** RECORDS TO PROCESS follows **
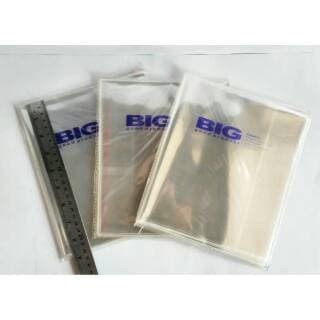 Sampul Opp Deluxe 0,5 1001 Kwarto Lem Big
** End of RECORDS TO PROCESS **
** RECORDS TO PROCESS follows **
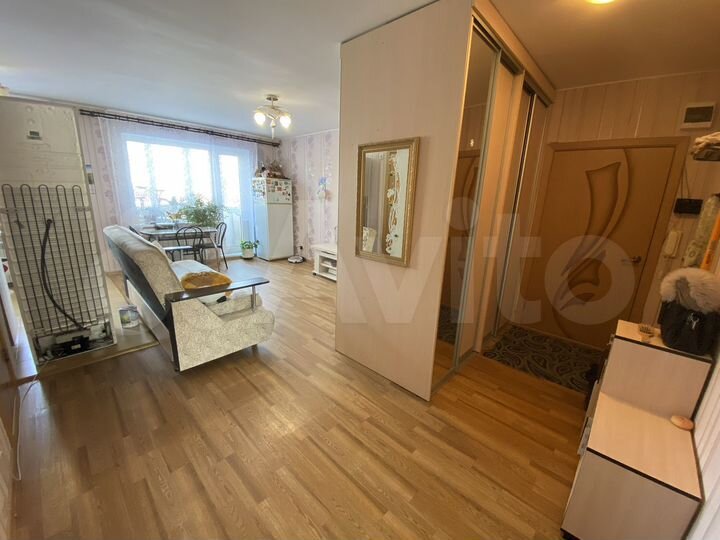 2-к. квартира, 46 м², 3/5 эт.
** End of RECORDS TO PROCESS **
** RECORDS TO PROCESS follows **
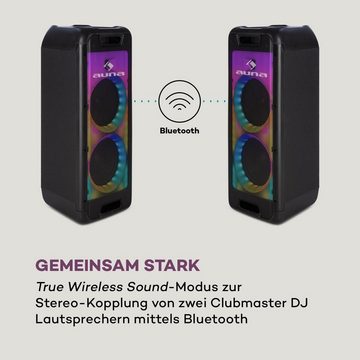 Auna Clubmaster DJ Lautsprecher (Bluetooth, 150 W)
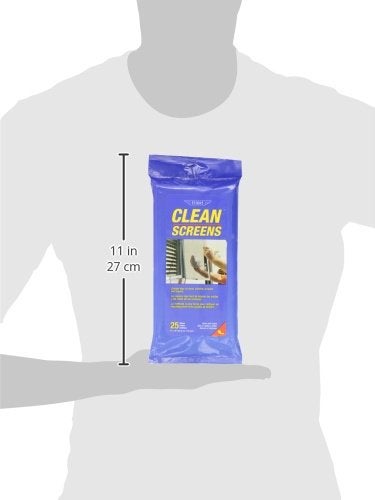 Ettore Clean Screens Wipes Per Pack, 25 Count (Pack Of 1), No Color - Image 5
** End of RECORDS TO PROCESS **
EXERCISE: From the listing above, please give again the lines that begin with the line holding "Auna Clubmaster DJ" and go on through the line holding "Ettore Clean Screens", exactly, both ends included, minus any picture.

RESPONSE:
 Auna Clubmaster DJ Lautsprecher (Bluetooth, 150 W)
 Ettore Clean Screens Wipes Per Pack, 25 Count (Pack Of 1), No Color - Image 5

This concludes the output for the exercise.